** Task **
Whenever a line in the material below includes "Park", copy that line.

** Provided data **
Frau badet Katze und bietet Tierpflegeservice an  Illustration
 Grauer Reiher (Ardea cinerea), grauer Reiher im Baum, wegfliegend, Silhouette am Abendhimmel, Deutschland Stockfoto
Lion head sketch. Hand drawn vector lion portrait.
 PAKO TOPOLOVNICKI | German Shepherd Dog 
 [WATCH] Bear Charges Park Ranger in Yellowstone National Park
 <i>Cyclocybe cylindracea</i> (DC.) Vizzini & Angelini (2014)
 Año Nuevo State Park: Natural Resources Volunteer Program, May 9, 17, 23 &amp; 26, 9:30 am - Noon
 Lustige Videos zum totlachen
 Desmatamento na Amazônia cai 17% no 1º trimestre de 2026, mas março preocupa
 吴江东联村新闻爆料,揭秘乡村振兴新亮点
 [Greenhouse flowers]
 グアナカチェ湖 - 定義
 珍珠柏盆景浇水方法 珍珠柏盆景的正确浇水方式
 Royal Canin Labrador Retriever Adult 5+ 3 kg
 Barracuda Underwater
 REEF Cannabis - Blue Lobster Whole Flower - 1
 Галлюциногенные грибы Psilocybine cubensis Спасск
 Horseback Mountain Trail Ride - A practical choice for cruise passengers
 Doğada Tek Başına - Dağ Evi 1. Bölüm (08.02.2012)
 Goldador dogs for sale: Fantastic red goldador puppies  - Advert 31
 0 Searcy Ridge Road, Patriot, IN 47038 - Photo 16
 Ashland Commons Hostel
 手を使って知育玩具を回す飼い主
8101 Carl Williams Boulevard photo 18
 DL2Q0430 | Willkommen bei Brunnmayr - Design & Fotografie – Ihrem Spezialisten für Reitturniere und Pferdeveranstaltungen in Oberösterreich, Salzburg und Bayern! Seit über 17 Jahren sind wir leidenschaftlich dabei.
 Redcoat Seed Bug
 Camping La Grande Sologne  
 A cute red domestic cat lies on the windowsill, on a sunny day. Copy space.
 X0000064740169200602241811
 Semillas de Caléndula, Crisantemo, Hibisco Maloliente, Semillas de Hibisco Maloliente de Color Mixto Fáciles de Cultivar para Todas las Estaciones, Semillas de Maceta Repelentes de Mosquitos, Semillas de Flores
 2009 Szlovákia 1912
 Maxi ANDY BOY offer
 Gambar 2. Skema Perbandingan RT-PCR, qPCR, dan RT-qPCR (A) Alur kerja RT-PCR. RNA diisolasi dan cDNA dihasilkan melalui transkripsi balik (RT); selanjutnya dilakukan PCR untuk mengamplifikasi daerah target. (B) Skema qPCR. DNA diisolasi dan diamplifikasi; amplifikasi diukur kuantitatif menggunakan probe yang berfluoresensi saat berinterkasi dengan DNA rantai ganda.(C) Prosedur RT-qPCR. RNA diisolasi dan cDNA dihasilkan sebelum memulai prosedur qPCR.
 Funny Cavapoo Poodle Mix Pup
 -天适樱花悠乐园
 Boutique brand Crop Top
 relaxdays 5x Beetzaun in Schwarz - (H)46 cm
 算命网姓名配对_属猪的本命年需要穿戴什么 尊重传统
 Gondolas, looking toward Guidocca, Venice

** Answer area **
 [WATCH] Bear Charges Park Ranger in Yellowstone National Park
 Año Nuevo State Park: Natural Resources Volunteer Program, May 9, 17, 23 &amp; 26, 9:30 am - Noon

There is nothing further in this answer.